Promoting their new book Life as a Unicorn, al-Kadhi dedicates a chapter to quantum physics, which brought the topic up as a discussion point.
“With Newtonian physics, I think of heteronormative physics, where it’s basically like, what are the fixed universal principles of that govern the world? If I do A, will B happen? What are the formulas that’ll tell us anywhere in the universe what will happen if I input this?
Quantum physics is equally a real sect of physics that basically looks at subatomic particles. So the very smallest things in the universe, not the macro things, and they basically contradict everything Newtonian physics tells us,” al-Kadhi explains in the clip.
al-Kadhi is right, of course. One of the great puzzles of quantum physics is that it throws the rules of classical physics out the window.

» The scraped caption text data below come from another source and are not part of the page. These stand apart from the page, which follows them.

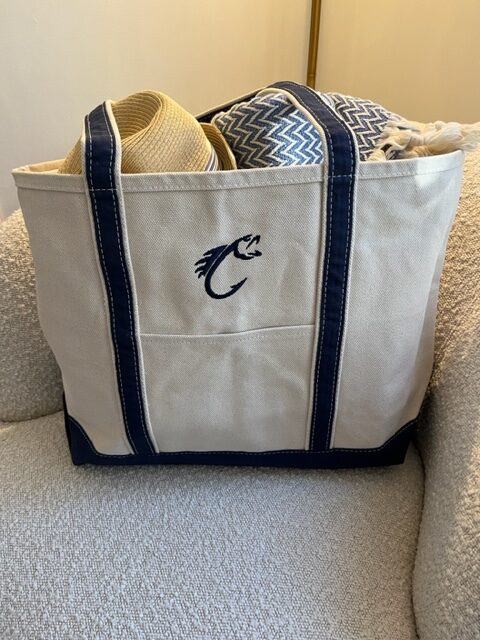 Top Zip Boat Tote in Navy | Ocean-Inspired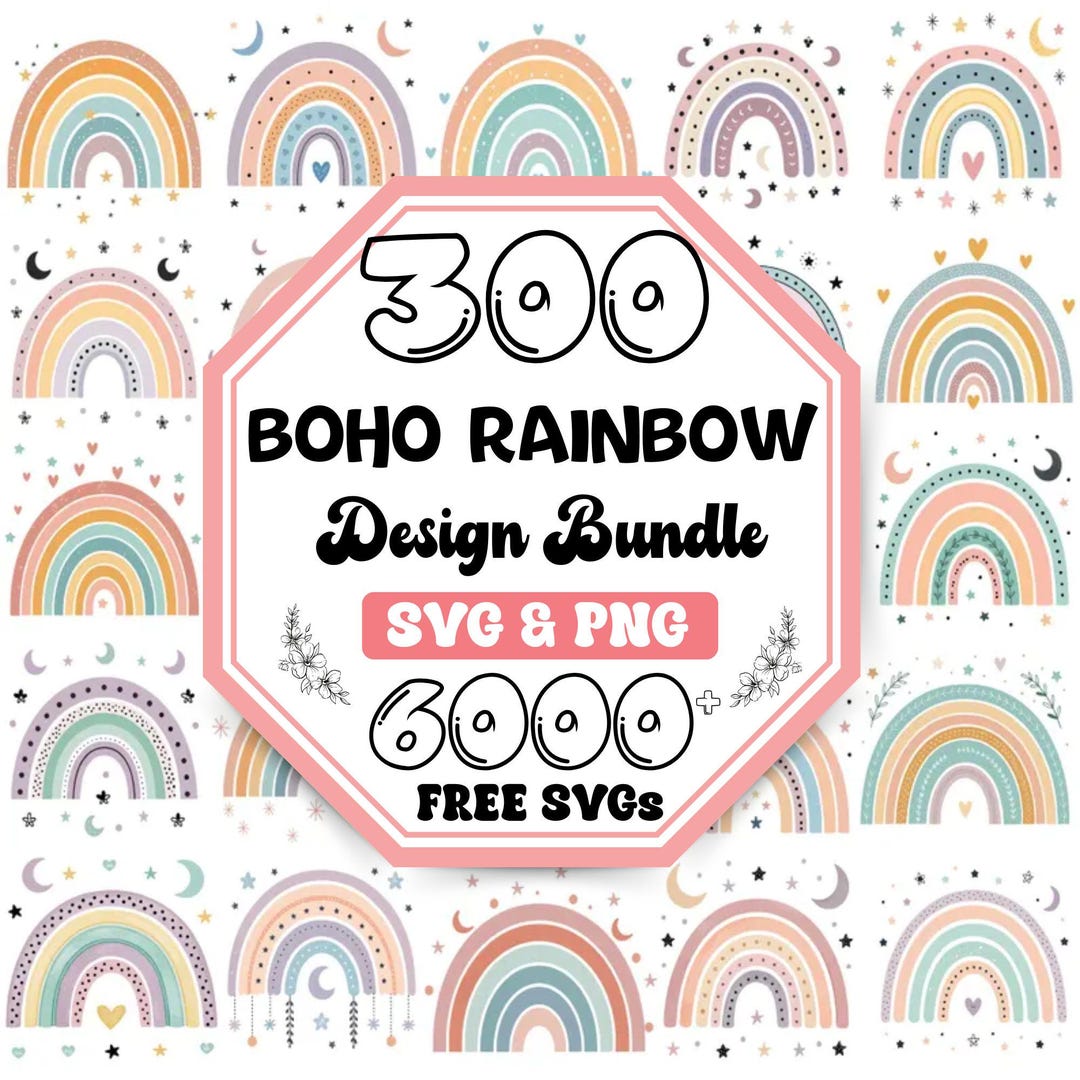Boho Rainbow SVG Bundle: Retro Pastel Designs (digital Download) - Etsy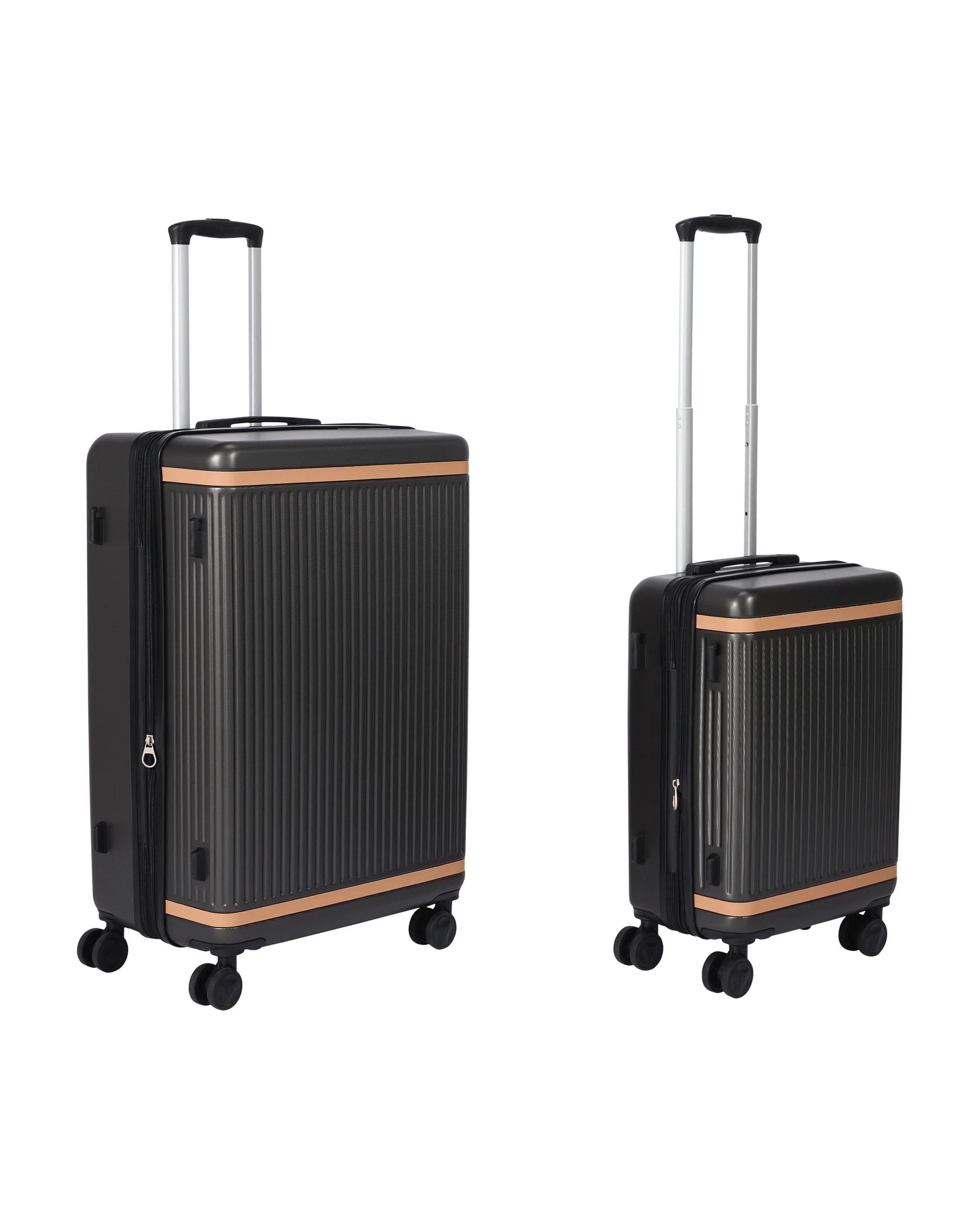 1 2 Piece Charcoal Beige Hard Case Set, 1 of 8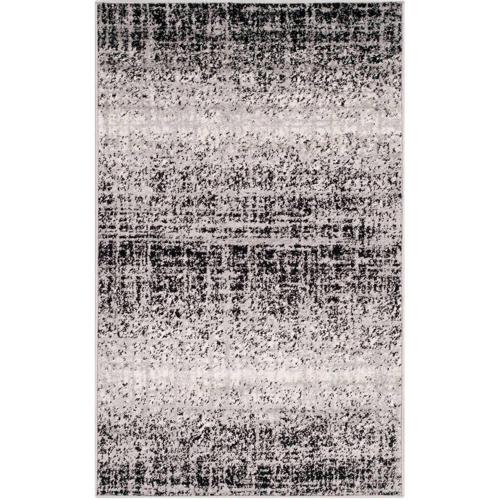 SAFAVIEH Adirondack Kiersten Abstract Faded Area Rug, Silver/Black, 4'*6'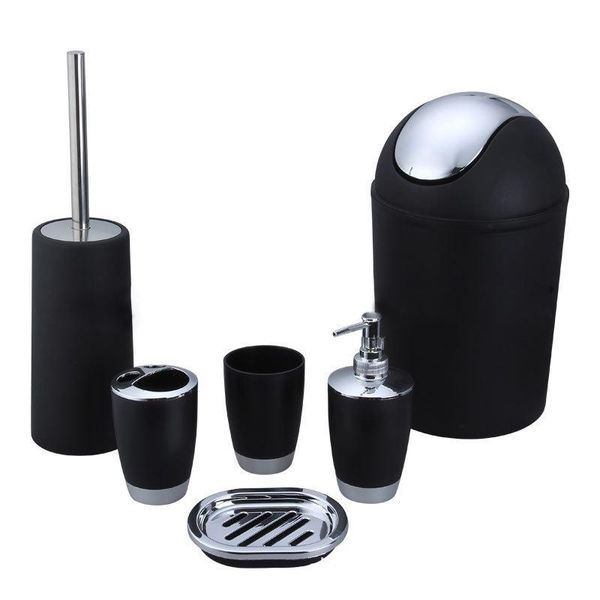 

прибытие 6 шт пластиковые bathbathroom set, туалет brush set - black white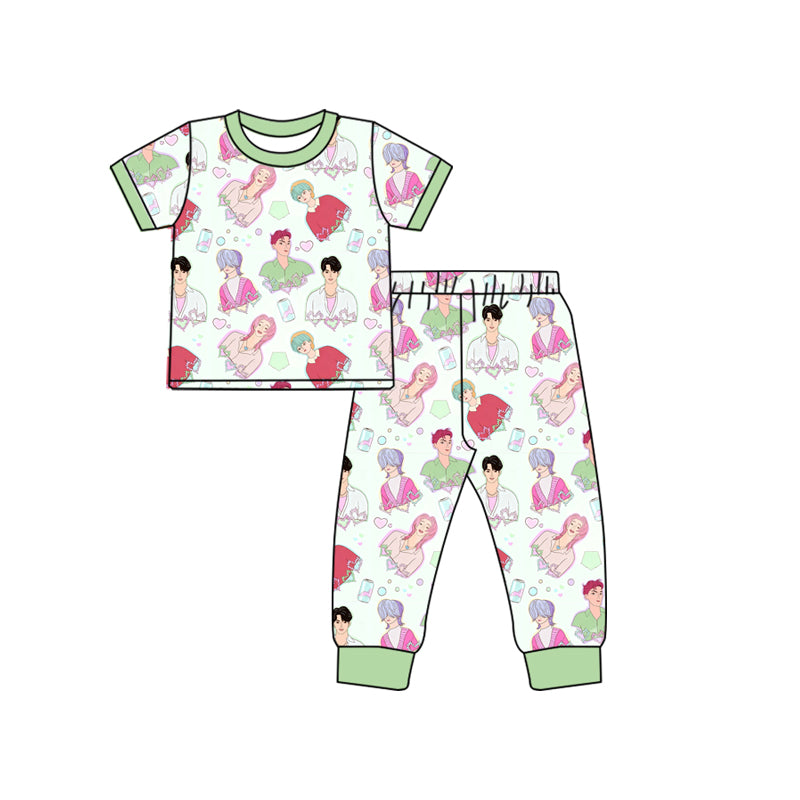 (Custom Design Preorder MOQ 5 Each Design) Cartoon Demon Movie Heart Print Boys Matching Clothes Brothers Wear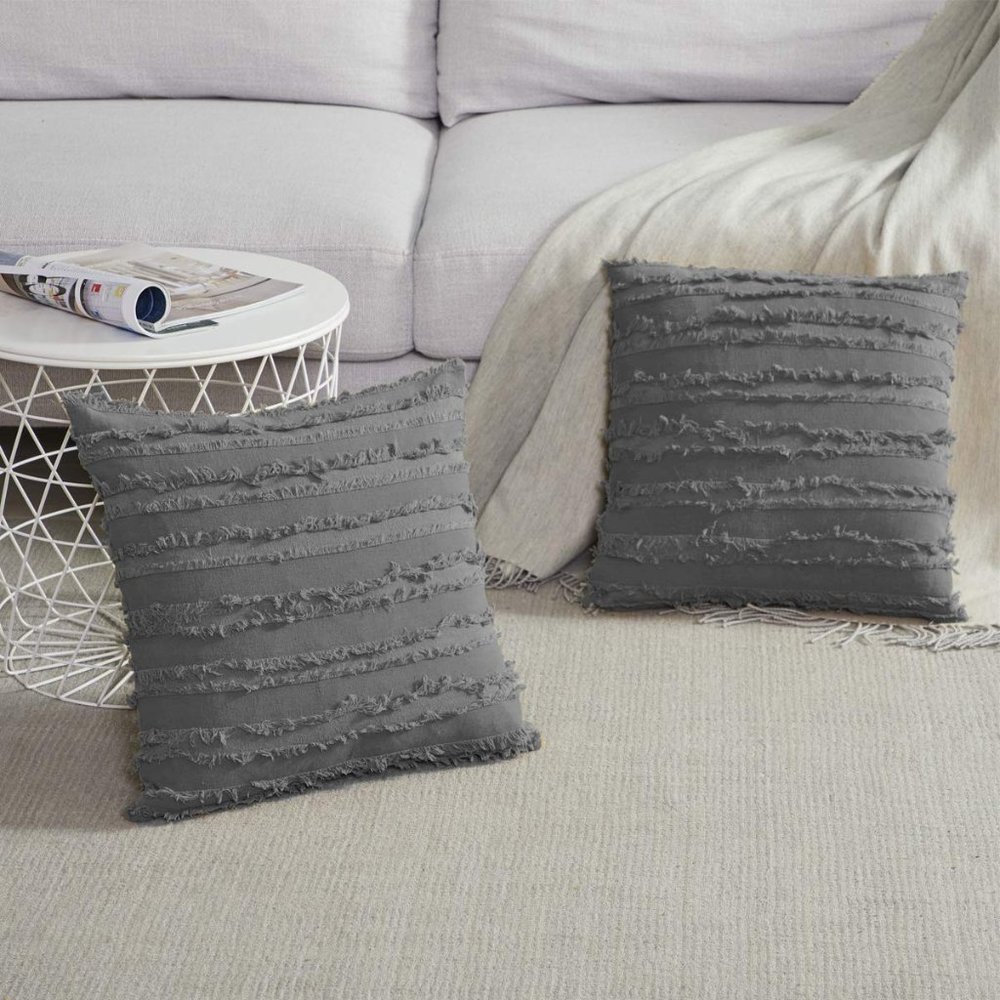 2pcs Handmade 17" Grey Cotton Pillow Covers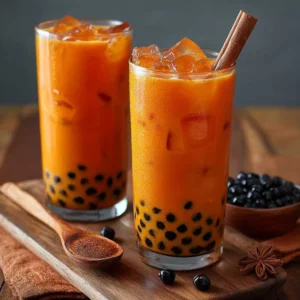 Authentic Thai Iced Tea with Boba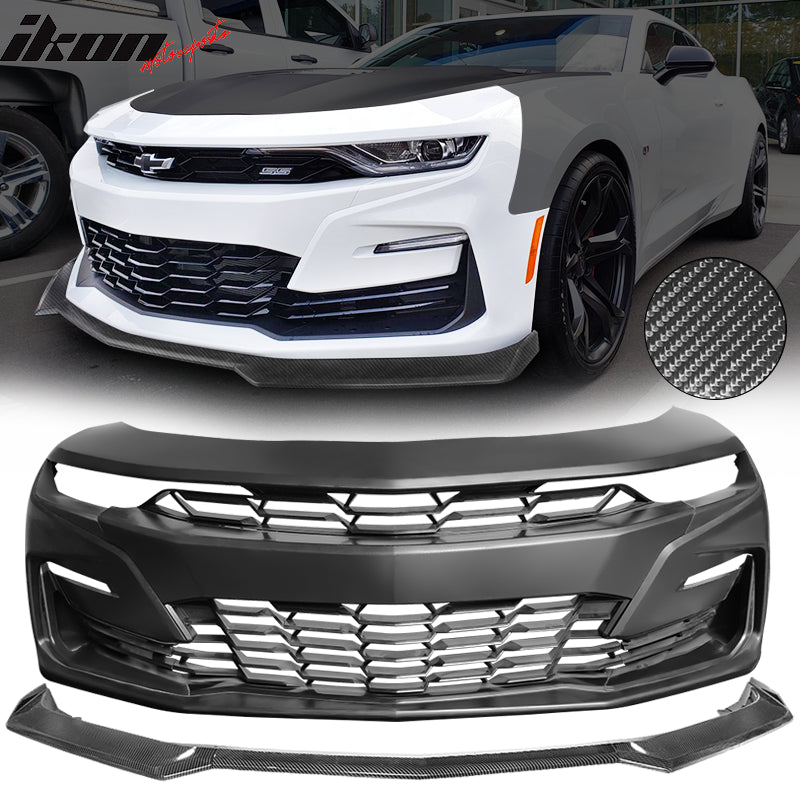 For 19-24 Camaro SS PP Front Bumper + LED DRL Turn Signal Carbon Fiber Print Lip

A person’s wallet cannot exist in two separate places at the same time, yet that’s exactly what can happen to subatomic particles according to quantum physics.
"As a queer person, you are always sort of questioning and searching for answers."
Their clips ties the contradictions of quantum physics together with concepts of gender identity. Perhaps figures like Einstein, Max Planck, Niels Bohr, and Werner Heisenberg don’t exactly come across as breaking the boundaries of identity in the same way that they did with science. But al-Kadhi’s metaphor, which has been praised by physicists, offers a powerful truth: while the rules of subatomic particles may be different, they comprise everything in life. So their rebellious spirit exists within everything, even if it’s not seen.
Given how gender diversity has been described by scholars as “invisible,” the comparison becomes easy to see.
“If subatomic particles defy constructs all the time, why should we believe in fixed constructs of gender or any kind of reality?,” al-Kadhi asks in the clip.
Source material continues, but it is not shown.